Image-caption web data
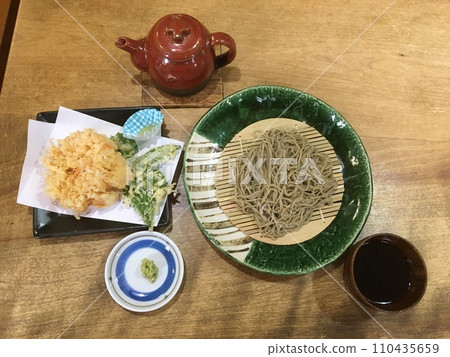 一個春天的一天，我午餐吃了天婦羅蕎麥麵。 110435659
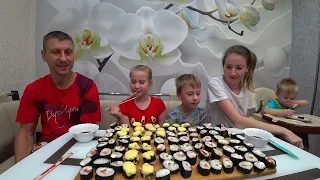 МУКБАНГ ПЕРВЫЕ ДОМАШНИЕ РОЛЛЫ ОТ НАСТЁНКИ! #stepfamily #mukbang #мукбанг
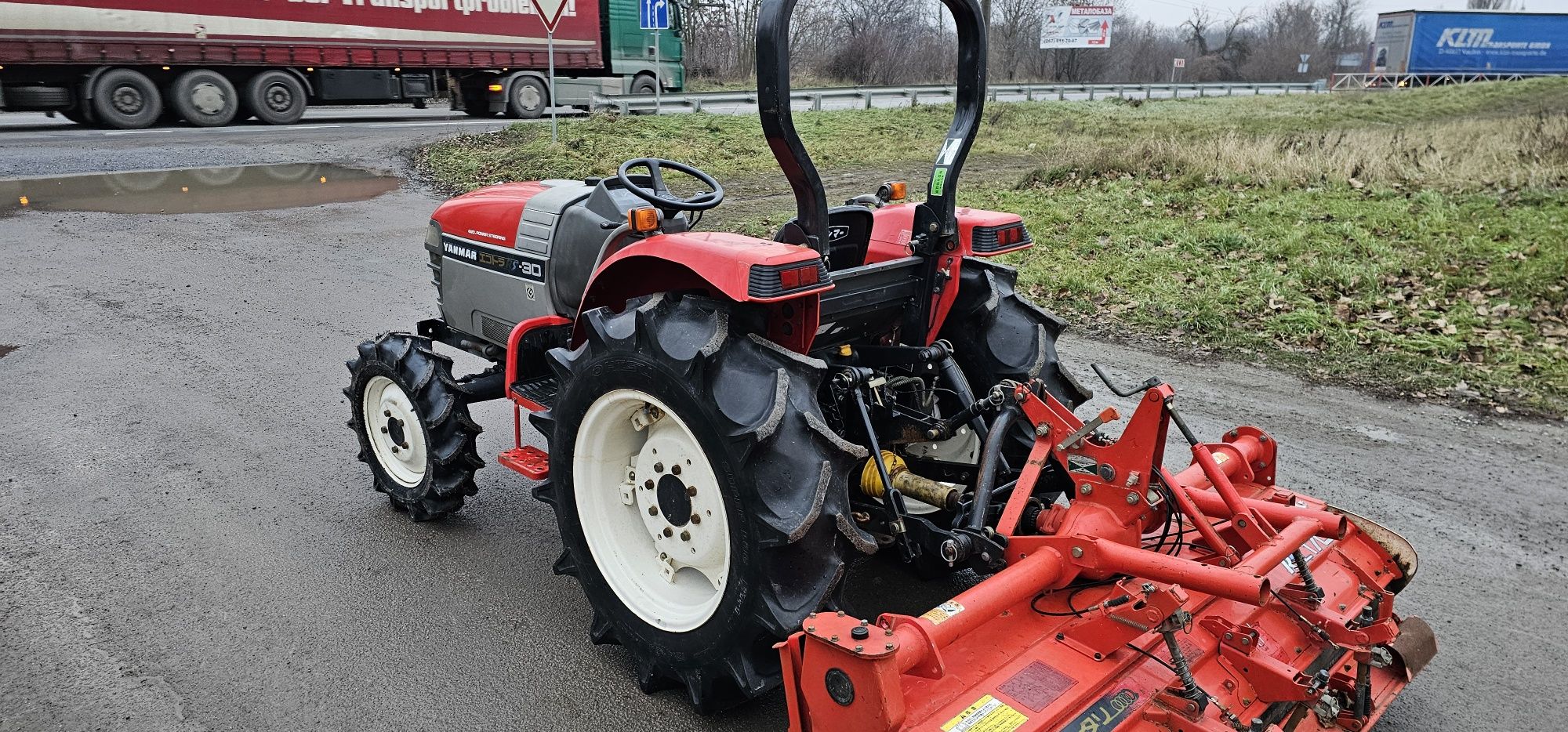Японський мнітрактор Трактор Yanmar RS 30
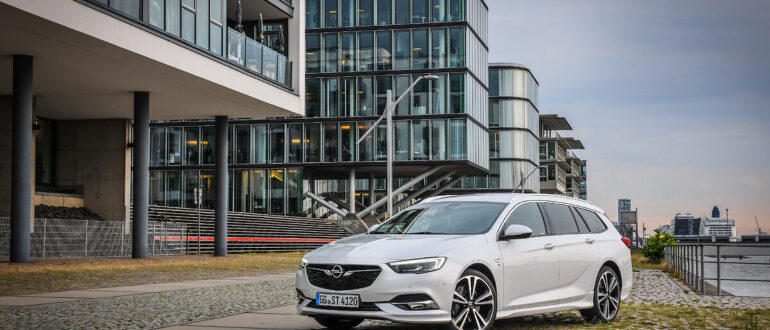 Портал «За рулем» решил выявить плюсы и минусы Opel Insignia первого поколения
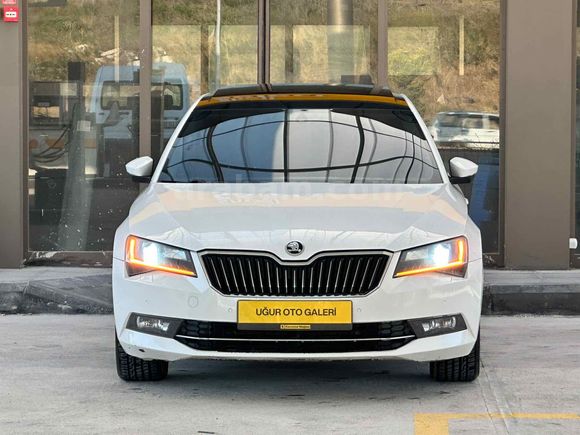 SKODA SÜPER B PRESTİJ CAM TAVAN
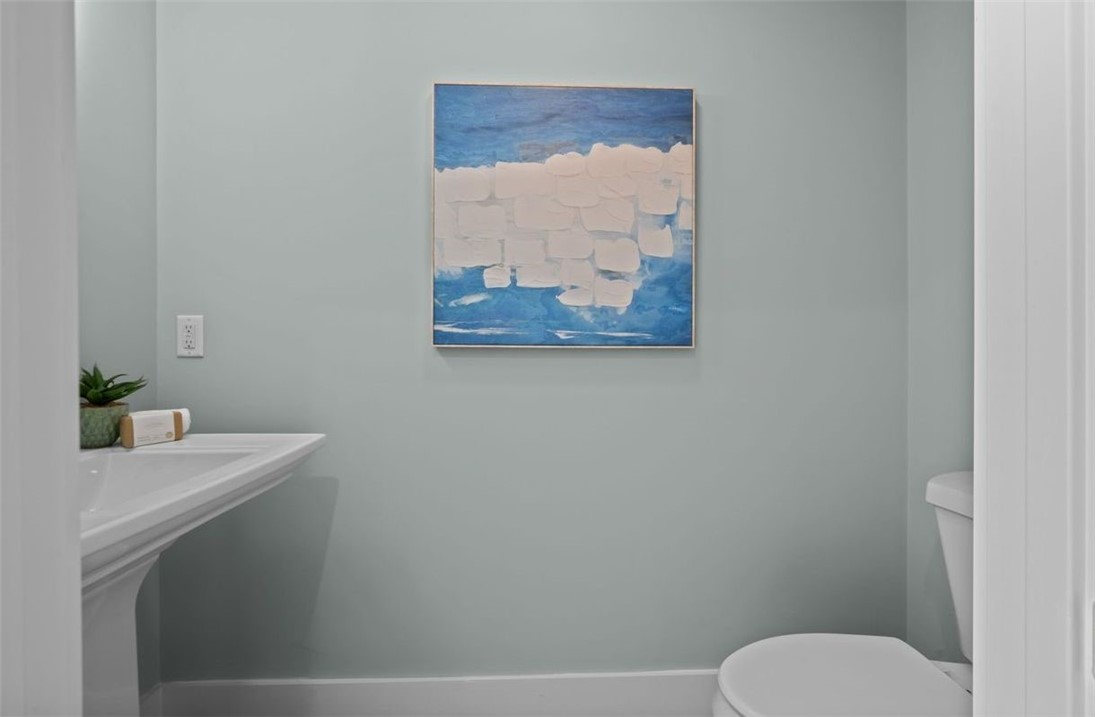 55 Brooklyn Road Narragansett, RI 02882 - Photo 19 of 46 Gallery Image 19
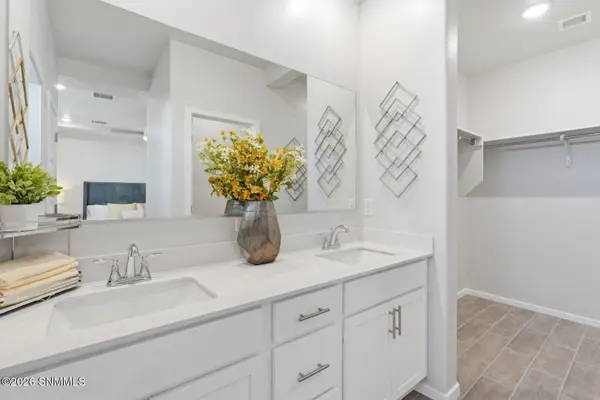 7038 Cathedral RD, Las Cruces, NM 88012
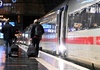 Zge stoen in Bahnhof in Rheinland-Pfalz zusammen - Lokfhrerin erleidet Schock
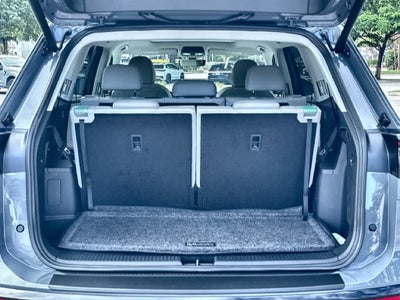 2027 Volkswagen Atlas SE w/Technology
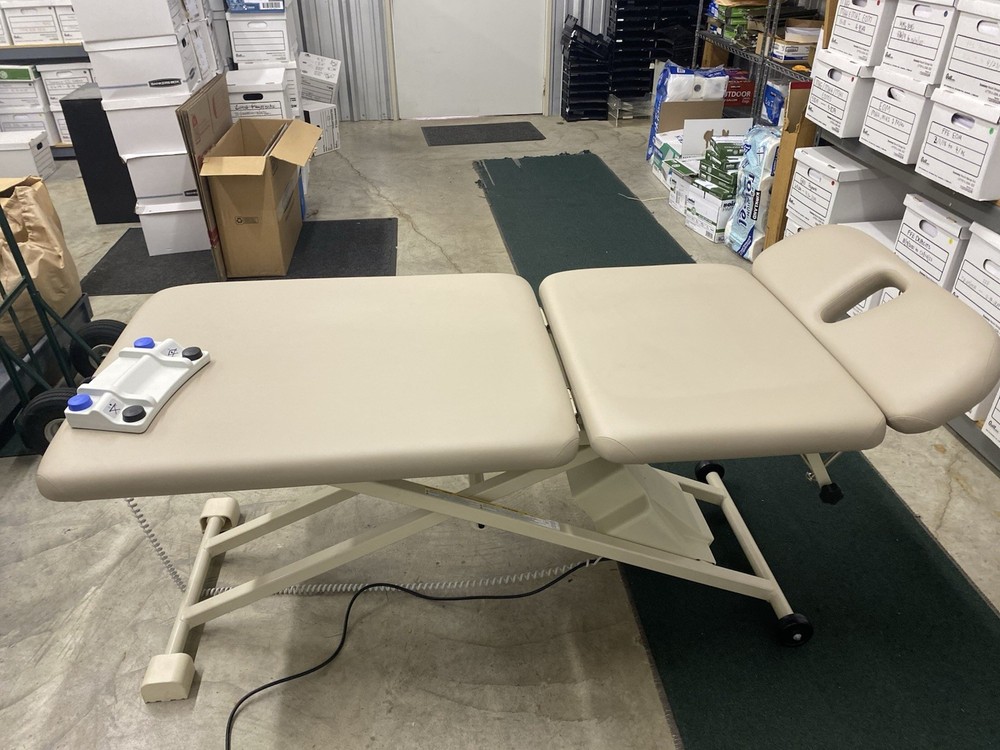 Linak Physical Therapy Table 2013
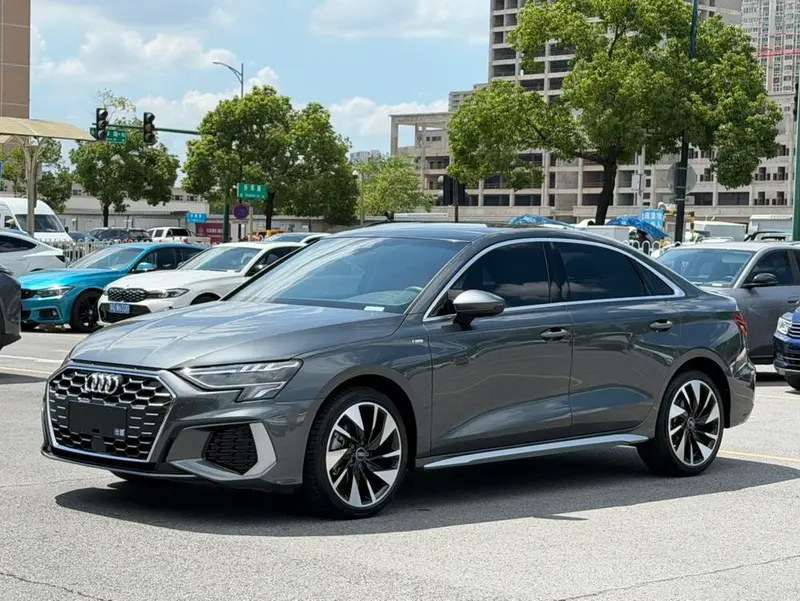 Audi A3 A3L Limousine 35 TFSI Fashion Sport Version, 2023 — фото 1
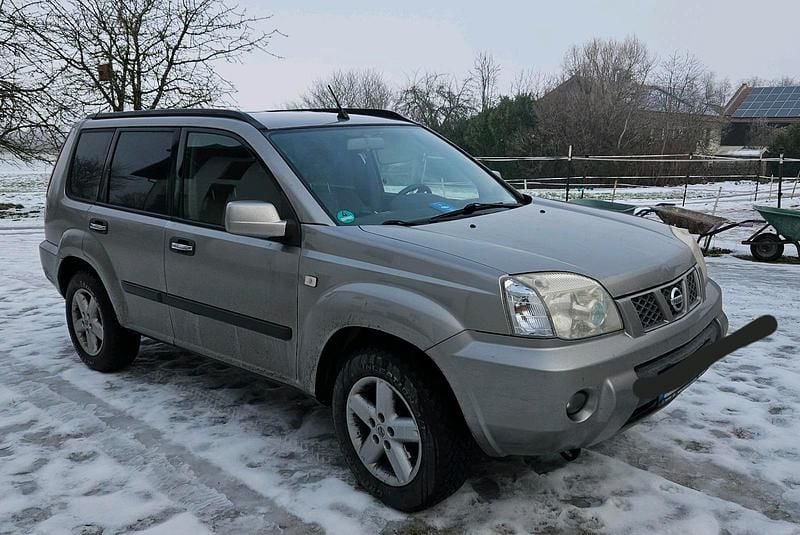 Gebraucht Nissan X-Trail 136 PS (100 kW) 2004 Silber SUV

Activity: Would you reproduce, exactly and with nothing added, every line from the beginning of the entries above through the line that contains "Linak Physical Therapy Table 2013", both included, leaving out the pictures?

Your solution:
 一個春天的一天，我午餐吃了天婦羅蕎麥麵。 110435659
 МУКБАНГ ПЕРВЫЕ ДОМАШНИЕ РОЛЛЫ ОТ НАСТЁНКИ! #stepfamily #mukbang #мукбанг
Японський мнітрактор Трактор Yanmar RS 30
 Портал «За рулем» решил выявить плюсы и минусы Opel Insignia первого поколения
 SKODA SÜPER B PRESTİJ CAM TAVAN
 55 Brooklyn Road Narragansett, RI 02882 - Photo 19 of 46 Gallery Image 19
 7038 Cathedral RD, Las Cruces, NM 88012
 Zge stoen in Bahnhof in Rheinland-Pfalz zusammen - Lokfhrerin erleidet Schock
 2027 Volkswagen Atlas SE w/Technology
 Linak Physical Therapy Table 2013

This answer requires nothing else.